Would you please output the data exactly, omitting no line?

WORKING DATA:
============
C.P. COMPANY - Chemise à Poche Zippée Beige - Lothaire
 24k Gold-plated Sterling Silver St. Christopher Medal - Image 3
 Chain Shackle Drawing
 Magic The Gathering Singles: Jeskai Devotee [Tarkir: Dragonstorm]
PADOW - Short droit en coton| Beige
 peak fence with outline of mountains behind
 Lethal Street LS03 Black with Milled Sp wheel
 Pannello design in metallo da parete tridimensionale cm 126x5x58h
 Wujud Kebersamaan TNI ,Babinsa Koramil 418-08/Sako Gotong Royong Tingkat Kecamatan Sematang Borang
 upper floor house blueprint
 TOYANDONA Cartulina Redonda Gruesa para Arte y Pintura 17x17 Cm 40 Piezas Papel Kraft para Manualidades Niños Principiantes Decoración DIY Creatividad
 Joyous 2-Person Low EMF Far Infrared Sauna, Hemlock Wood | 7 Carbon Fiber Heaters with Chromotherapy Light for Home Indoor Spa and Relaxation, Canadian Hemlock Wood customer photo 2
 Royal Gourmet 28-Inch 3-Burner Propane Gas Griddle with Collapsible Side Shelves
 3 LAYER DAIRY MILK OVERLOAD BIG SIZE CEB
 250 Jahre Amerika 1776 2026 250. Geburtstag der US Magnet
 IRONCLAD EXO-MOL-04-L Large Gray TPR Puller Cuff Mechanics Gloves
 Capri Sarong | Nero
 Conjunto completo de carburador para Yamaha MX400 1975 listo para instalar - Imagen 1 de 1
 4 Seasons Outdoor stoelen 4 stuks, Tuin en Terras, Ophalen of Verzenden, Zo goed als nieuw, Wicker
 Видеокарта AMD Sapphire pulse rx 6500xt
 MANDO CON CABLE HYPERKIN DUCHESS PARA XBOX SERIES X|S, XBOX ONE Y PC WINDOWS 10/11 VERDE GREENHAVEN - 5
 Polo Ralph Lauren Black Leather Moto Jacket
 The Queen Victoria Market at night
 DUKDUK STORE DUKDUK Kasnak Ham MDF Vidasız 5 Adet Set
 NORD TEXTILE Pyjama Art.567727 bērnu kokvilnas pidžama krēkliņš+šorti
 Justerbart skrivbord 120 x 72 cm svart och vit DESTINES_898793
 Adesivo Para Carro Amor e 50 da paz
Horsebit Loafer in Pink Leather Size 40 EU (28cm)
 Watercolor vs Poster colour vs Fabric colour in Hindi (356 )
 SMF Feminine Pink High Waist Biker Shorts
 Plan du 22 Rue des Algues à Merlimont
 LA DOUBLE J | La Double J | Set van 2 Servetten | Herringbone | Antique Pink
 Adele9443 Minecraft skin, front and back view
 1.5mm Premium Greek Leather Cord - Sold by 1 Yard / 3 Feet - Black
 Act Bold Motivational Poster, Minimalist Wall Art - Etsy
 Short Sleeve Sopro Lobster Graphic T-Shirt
============
RESPONSE TO THIS TASK:
C.P. COMPANY - Chemise à Poche Zippée Beige - Lothaire
 24k Gold-plated Sterling Silver St. Christopher Medal - Image 3
 Chain Shackle Drawing
 Magic The Gathering Singles: Jeskai Devotee [Tarkir: Dragonstorm]
PADOW - Short droit en coton| Beige
 peak fence with outline of mountains behind
 Lethal Street LS03 Black with Milled Sp wheel
 Pannello design in metallo da parete tridimensionale cm 126x5x58h
 Wujud Kebersamaan TNI ,Babinsa Koramil 418-08/Sako Gotong Royong Tingkat Kecamatan Sematang Borang
 upper floor house blueprint
 TOYANDONA Cartulina Redonda Gruesa para Arte y Pintura 17x17 Cm 40 Piezas Papel Kraft para Manualidades Niños Principiantes Decoración DIY Creatividad
 Joyous 2-Person Low EMF Far Infrared Sauna, Hemlock Wood | 7 Carbon Fiber Heaters with Chromotherapy Light for Home Indoor Spa and Relaxation, Canadian Hemlock Wood customer photo 2
 Royal Gourmet 28-Inch 3-Burner Propane Gas Griddle with Collapsible Side Shelves
 3 LAYER DAIRY MILK OVERLOAD BIG SIZE CEB
 250 Jahre Amerika 1776 2026 250. Geburtstag der US Magnet
 IRONCLAD EXO-MOL-04-L Large Gray TPR Puller Cuff Mechanics Gloves
 Capri Sarong | Nero
 Conjunto completo de carburador para Yamaha MX400 1975 listo para instalar - Imagen 1 de 1
 4 Seasons Outdoor stoelen 4 stuks, Tuin en Terras, Ophalen of Verzenden, Zo goed als nieuw, Wicker
 Видеокарта AMD Sapphire pulse rx 6500xt
 MANDO CON CABLE HYPERKIN DUCHESS PARA XBOX SERIES X|S, XBOX ONE Y PC WINDOWS 10/11 VERDE GREENHAVEN - 5
 Polo Ralph Lauren Black Leather Moto Jacket
 The Queen Victoria Market at night
 DUKDUK STORE DUKDUK Kasnak Ham MDF Vidasız 5 Adet Set
 NORD TEXTILE Pyjama Art.567727 bērnu kokvilnas pidžama krēkliņš+šorti
 Justerbart skrivbord 120 x 72 cm svart och vit DESTINES_898793
 Adesivo Para Carro Amor e 50 da paz
Horsebit Loafer in Pink Leather Size 40 EU (28cm)
 Watercolor vs Poster colour vs Fabric colour in Hindi (356 )
 SMF Feminine Pink High Waist Biker Shorts
 Plan du 22 Rue des Algues à Merlimont
 LA DOUBLE J | La Double J | Set van 2 Servetten | Herringbone | Antique Pink
 Adele9443 Minecraft skin, front and back view
 1.5mm Premium Greek Leather Cord - Sold by 1 Yard / 3 Feet - Black
 Act Bold Motivational Poster, Minimalist Wall Art - Etsy
 Short Sleeve Sopro Lobster Graphic T-Shirt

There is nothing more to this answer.